Aramıza Girmesin
Rabbimizle aramıza nefsimiz girmesin...
İbadetimizle aramıza riya/gösteriş girmesin:
"Münafıklar Allah’a oyun etmeye kalkışıyorlar. Halbuki Allah onların oyunlarını kendi başlarına çevirmektedir. Onlar namaza kalktıklarında üşenerek kalkarlar, insanlara gösteriş yaparlar, Allah’ı da pek az anarlar." (Nisa,142)
İyiliğimizle; hayrımızla aramıza "başa kakma" girmesin...
"Ey iman edenler!

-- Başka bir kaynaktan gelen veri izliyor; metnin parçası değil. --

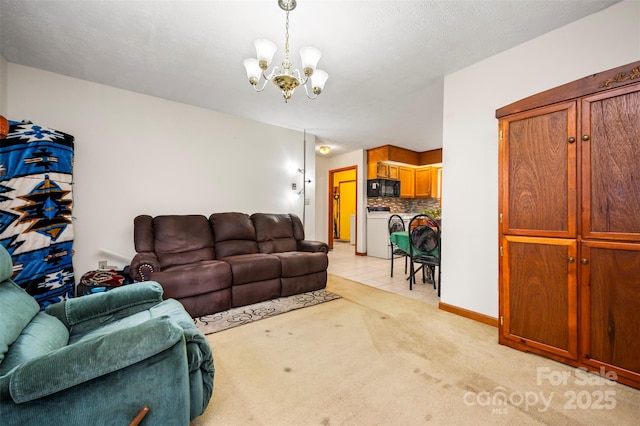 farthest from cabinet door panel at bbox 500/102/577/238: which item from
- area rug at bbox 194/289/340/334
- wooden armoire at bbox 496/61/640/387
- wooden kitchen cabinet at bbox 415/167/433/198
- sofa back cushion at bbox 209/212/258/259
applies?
wooden kitchen cabinet at bbox 415/167/433/198

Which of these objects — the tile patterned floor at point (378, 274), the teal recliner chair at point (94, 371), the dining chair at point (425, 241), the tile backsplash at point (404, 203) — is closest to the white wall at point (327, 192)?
the tile backsplash at point (404, 203)

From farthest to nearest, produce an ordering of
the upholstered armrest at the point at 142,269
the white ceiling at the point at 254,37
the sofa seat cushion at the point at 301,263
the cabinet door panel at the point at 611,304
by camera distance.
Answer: the sofa seat cushion at the point at 301,263 < the upholstered armrest at the point at 142,269 < the white ceiling at the point at 254,37 < the cabinet door panel at the point at 611,304

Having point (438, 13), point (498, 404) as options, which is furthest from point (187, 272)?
point (438, 13)

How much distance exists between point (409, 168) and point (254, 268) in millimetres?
5464

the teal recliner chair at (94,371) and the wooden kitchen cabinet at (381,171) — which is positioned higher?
the wooden kitchen cabinet at (381,171)

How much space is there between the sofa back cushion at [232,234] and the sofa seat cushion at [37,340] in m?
2.07

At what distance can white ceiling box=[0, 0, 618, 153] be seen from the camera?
1.91 metres

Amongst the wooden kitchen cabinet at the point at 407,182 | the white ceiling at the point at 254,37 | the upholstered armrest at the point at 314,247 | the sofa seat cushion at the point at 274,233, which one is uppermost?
the white ceiling at the point at 254,37

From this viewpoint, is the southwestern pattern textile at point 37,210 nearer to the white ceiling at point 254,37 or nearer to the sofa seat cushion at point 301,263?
the white ceiling at point 254,37

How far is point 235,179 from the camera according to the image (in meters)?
4.13

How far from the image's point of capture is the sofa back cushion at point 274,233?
3801 mm

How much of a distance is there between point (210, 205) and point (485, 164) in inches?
137

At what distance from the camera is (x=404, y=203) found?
7496 mm

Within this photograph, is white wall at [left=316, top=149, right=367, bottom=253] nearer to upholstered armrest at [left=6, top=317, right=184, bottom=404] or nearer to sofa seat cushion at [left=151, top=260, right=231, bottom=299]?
sofa seat cushion at [left=151, top=260, right=231, bottom=299] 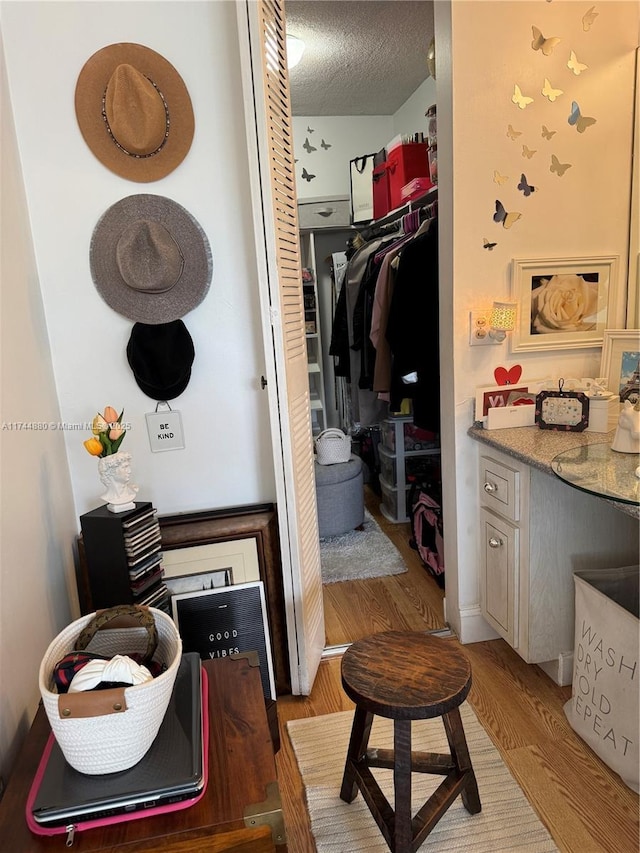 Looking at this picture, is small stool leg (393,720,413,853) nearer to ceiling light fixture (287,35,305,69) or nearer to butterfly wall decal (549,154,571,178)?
butterfly wall decal (549,154,571,178)

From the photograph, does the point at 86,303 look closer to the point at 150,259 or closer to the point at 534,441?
the point at 150,259

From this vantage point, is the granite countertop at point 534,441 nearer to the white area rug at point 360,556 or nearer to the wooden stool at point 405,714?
the wooden stool at point 405,714

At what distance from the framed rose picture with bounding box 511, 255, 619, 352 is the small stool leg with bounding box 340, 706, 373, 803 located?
136cm

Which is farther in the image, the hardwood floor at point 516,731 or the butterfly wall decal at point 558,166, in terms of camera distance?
the butterfly wall decal at point 558,166

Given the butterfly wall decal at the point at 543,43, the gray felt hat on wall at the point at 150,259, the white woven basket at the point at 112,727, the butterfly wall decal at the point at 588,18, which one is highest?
the butterfly wall decal at the point at 588,18

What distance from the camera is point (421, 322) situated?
2.40m

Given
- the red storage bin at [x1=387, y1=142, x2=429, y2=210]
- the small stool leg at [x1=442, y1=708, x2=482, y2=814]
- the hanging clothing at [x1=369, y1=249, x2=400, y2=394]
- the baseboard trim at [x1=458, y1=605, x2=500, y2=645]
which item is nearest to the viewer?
the small stool leg at [x1=442, y1=708, x2=482, y2=814]

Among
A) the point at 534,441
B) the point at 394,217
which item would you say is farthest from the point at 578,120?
the point at 394,217

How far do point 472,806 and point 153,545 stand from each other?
111 cm

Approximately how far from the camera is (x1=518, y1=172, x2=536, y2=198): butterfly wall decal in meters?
1.87

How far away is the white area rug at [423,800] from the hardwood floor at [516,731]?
33mm

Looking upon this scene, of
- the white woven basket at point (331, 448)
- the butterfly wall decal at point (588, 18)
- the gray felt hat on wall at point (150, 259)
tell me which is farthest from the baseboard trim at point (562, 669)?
the butterfly wall decal at point (588, 18)

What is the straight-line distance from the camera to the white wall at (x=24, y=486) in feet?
3.83

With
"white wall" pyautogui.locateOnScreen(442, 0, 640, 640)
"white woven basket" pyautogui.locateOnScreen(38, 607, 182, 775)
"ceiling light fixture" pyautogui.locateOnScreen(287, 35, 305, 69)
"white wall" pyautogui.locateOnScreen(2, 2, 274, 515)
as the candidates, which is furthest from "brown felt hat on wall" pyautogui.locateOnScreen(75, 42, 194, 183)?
"white woven basket" pyautogui.locateOnScreen(38, 607, 182, 775) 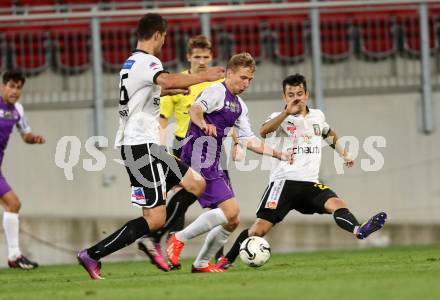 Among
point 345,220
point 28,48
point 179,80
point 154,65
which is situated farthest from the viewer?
point 28,48

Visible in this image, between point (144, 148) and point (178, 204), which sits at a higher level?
point (144, 148)

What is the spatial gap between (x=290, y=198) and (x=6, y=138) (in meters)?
3.82

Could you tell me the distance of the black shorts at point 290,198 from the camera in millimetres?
9391

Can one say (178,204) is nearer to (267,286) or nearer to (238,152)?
(238,152)

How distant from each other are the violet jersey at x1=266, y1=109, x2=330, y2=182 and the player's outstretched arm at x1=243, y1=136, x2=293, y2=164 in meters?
0.34

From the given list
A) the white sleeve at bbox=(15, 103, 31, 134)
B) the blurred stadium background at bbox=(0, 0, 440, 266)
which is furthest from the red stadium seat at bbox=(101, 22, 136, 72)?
the white sleeve at bbox=(15, 103, 31, 134)

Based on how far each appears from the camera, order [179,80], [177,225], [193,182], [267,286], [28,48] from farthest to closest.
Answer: [28,48], [177,225], [193,182], [179,80], [267,286]

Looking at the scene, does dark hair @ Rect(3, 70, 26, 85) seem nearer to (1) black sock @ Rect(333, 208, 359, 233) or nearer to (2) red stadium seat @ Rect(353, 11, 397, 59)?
(1) black sock @ Rect(333, 208, 359, 233)

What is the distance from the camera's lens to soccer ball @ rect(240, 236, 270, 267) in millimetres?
8555

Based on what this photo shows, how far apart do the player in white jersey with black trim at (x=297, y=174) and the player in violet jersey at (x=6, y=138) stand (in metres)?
3.01

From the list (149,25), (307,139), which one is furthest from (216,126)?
(149,25)

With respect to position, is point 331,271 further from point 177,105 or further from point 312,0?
point 312,0

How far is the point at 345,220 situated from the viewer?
8984 millimetres

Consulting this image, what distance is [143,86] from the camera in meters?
8.06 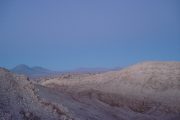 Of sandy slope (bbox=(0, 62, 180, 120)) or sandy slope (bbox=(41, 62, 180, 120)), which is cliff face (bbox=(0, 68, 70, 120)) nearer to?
sandy slope (bbox=(0, 62, 180, 120))

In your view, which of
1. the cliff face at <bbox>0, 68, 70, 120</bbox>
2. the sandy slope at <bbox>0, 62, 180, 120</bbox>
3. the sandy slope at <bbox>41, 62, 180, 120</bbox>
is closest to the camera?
the cliff face at <bbox>0, 68, 70, 120</bbox>

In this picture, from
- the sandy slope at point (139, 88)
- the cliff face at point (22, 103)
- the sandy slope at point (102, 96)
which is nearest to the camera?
the cliff face at point (22, 103)

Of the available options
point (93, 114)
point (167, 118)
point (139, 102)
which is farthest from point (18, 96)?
point (139, 102)

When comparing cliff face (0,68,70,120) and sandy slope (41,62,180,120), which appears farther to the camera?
sandy slope (41,62,180,120)

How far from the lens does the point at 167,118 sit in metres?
20.1

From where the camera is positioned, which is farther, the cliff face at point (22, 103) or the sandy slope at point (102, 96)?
the sandy slope at point (102, 96)

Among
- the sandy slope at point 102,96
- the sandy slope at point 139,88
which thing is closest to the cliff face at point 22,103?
the sandy slope at point 102,96

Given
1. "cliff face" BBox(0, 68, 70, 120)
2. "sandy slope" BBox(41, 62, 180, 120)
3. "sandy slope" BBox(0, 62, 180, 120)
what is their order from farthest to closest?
1. "sandy slope" BBox(41, 62, 180, 120)
2. "sandy slope" BBox(0, 62, 180, 120)
3. "cliff face" BBox(0, 68, 70, 120)

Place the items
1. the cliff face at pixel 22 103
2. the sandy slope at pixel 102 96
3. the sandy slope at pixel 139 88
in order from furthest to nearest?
1. the sandy slope at pixel 139 88
2. the sandy slope at pixel 102 96
3. the cliff face at pixel 22 103

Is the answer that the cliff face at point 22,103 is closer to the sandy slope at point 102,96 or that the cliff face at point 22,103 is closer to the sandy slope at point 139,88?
the sandy slope at point 102,96

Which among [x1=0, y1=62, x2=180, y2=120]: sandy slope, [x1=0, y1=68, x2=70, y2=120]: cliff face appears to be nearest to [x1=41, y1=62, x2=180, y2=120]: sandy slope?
[x1=0, y1=62, x2=180, y2=120]: sandy slope

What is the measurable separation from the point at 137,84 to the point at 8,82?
13849 millimetres

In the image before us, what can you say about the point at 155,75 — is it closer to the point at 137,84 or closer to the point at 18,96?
the point at 137,84

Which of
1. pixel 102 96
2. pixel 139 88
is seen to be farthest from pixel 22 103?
pixel 139 88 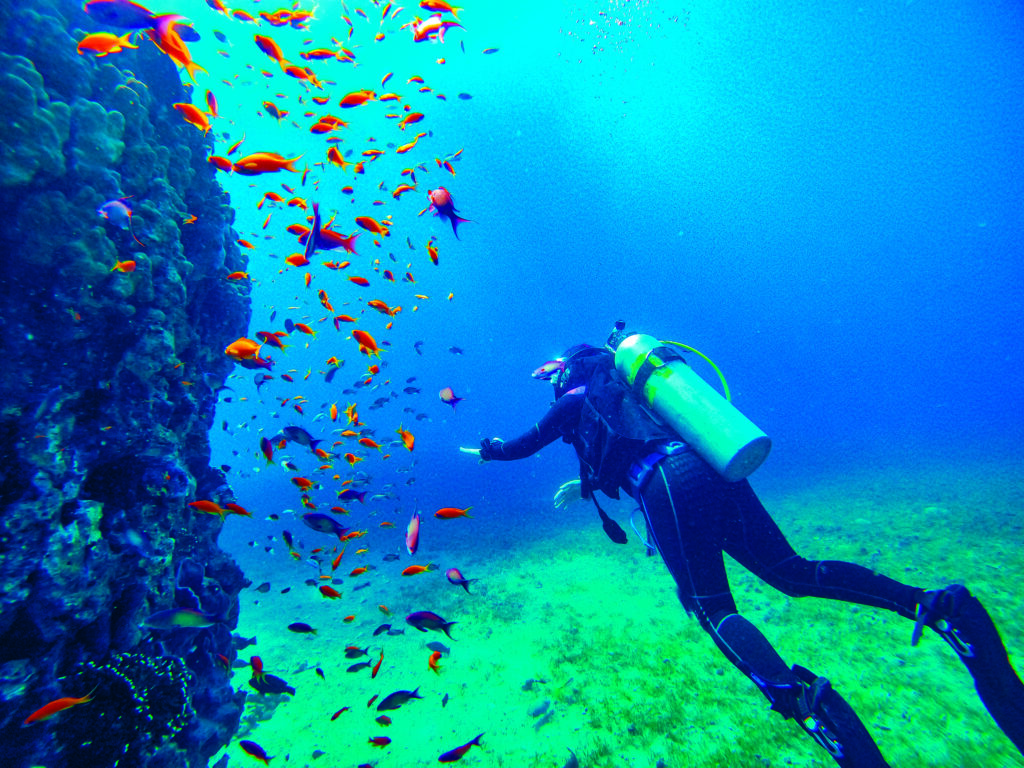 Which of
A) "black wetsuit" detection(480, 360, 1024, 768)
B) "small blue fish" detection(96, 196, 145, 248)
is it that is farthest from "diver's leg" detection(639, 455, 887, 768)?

Allah’a ve ahiret gününe inanmadığı halde malını insanlara gösteriş yapmak için harcayan kimse gibi sadakalarınızı başa kakmak ve incitmek suretiyle boşa çıkarmayın..." (Bakara, 264)
Kur’an’la aramıza sadâ girmesin. Makamı tutturma kaygısı manayı unutturmasın. Hz. Peygamber (s.a.v.)’in "Bir takım adamlar çıkacak, onlar Kur'an-ı Kerim’i okuyacaklar fakat Kur’an gırtlaklarından aşağı geçmeyecek..." (Buhari,Tevhid,57) ifadelerindeki uyarı karşılıksız kalmasın.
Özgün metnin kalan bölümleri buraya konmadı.